ISLAMABAD, Pakistan – At least 12 people were killed Friday after a missile slammed into a small village in northwest Pakistan in a suspected U.S. airstrike near the border of Afghanistan, according to a Pakistani security official.
The latest in a recent series of such incidents, the missile strike on the tribal village of Kam Sam in North Waziristan marked the first attack since Pakistan’s top defense official warned the newly appointed head of U.S. Central Command to halt airborne assaults inside Pakistan.
U.S. Gen. David Petraeus said during a visit to the Pakistani capital of Islamabad this week that he would heed the Pakistani government’s concerns about the U.S.-led, cross-border strikes.

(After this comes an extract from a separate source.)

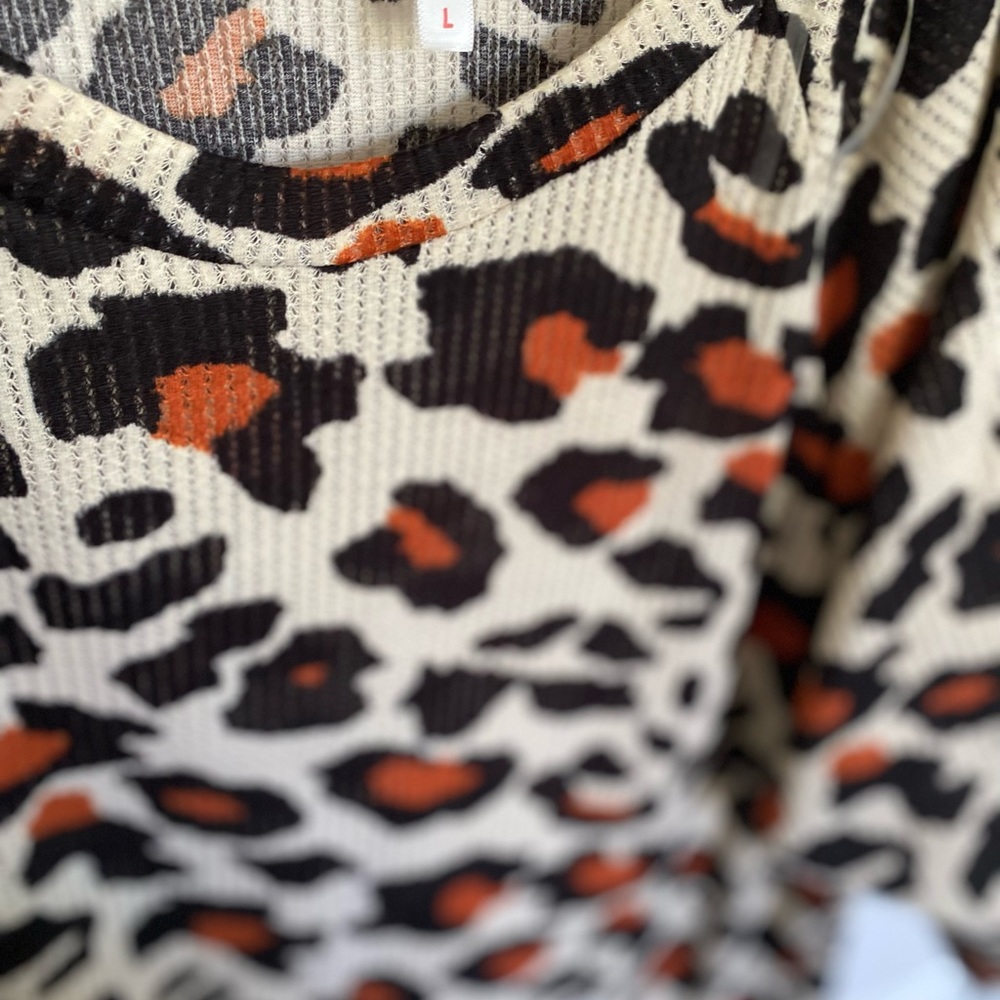 Leopard Print waffle sweater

But during a subsequent visit to Afghanistan this week, Petraeus touted the success of such attacks in eliminating top Taliban commanders. He has made no express promise to end the missile strikes.
Since August, more than 100 people have been killed in 18 U.S. airstrikes in Pakistan’s restive tribal frontier lands along the border of Afghanistan. Pakistan’s largely ungoverned Federally Administered Tribal Areas have increasingly come to be seen by U.S. officials as the pivot point in the war on Islamist insurgents in the region.

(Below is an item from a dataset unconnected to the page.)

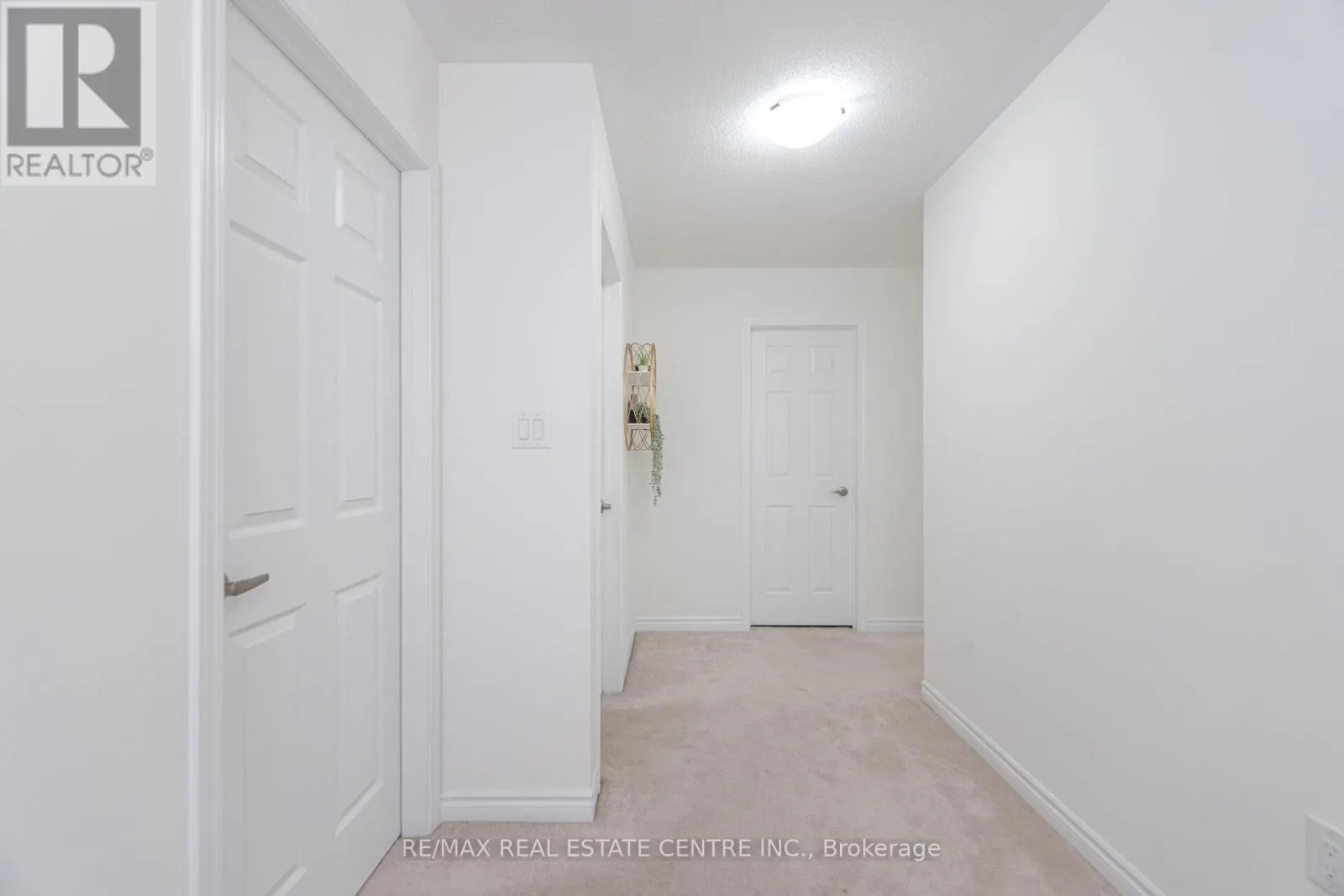 28 - 975 WHITLOCK AVENUE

The majority of U.S. missile strikes have targeted suspected insurgent safe havens in the tribal areas of North and South Waziristan, which have long been considered strongholds for a shadowy nexus of al-Qaeda and Taliban fighters. North Waziristan has born the brunt of the most recent cross-border attacks, including a controversial ground raid by U.S. troops near the town of Angor Adda that killed up to 15 people Sept. 3.
Pakistani military officials declined to comment on the missile strike Friday in Kam Sam.

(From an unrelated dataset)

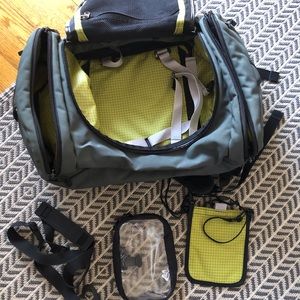 Aeronaut 30 Travel Bag Bundle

But a Pakistani intelligence official said more than a dozen people – including four foreign fighters – were killed in the strike, in which two missiles fired from an unmanned U.S. aircraft crashed into Kam Sam about 10:30 a.m.
The intelligence official, who spoke on condition of anonymity because he is not authorized to speak publicly on such matters, said the identities of those killed were still unknown as of early Friday evening. He initially said 19 were killed in the strike but said other reports suggested the figure might be closer to 12 or 13.
U.S.-led strikes have raised the ire of top Pakistani officials who say the attacks undermine U.S. credibility in the region and fuel anti-American sentiment. On Monday, Pakistani Defense Minister Ahmad Mukhtar warned Petraeus that further strikes would provoke “outrage” among Pakistanis.
The U.S.-led attacks have already prompted a number of anti-American protests in Pakistan’s tribal areas, including several that attracted thousands in September following the raid in Angor Adda.